Closed chantastic closed 4 years ago
There are two big revelations that transformed the way I think about software and — consequently — my career.
If you understand the problem, you have the solution — Massimo Vignelli
I'm not a good programmer. But I'm curious and pedantic as hell. After watching a bunch of programmers, I noticed a lot of rework. This rework was the result of not understanding the feature and moving too quickly into code.
So, I decided to make the other mistake... I wouldn't start until I felt I had a complete grasp of the acceptance criteria.
Measure twice; cut once
This worked out for me but I can say — without qualification — that there is no gold star for people who do this. Organizations are not equipped to evaluate the difference in a feature that was build properly and without error and those that took 10 times to get right. But it bought me time while I was still insecure in my abilities.

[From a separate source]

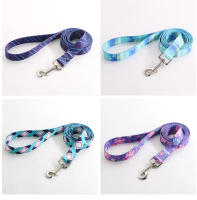 Collar Para Perro De Tamaño Pequeño Mediano Grande Para Caminar Bohemia Collar Para Gato Con Correa Suministros Para Mascotas Pitbull Pug - details 14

Implementations are worthless... unless you can get existing systems migrated.
I won't present a new implementation before determining the migration path.
Now, this is beneath most programmers. The idea that you would subject the purity of a new, shiny, clean abstraction to the horrors of "legacy systems" is a non-starter.
That's bullshit. My best solutions have come by subjecting my thinking to the horrors of legacy systems. Because any solution that can bridge the gap between the previous and the present has a decent shot at bridging the gap between the present and the future.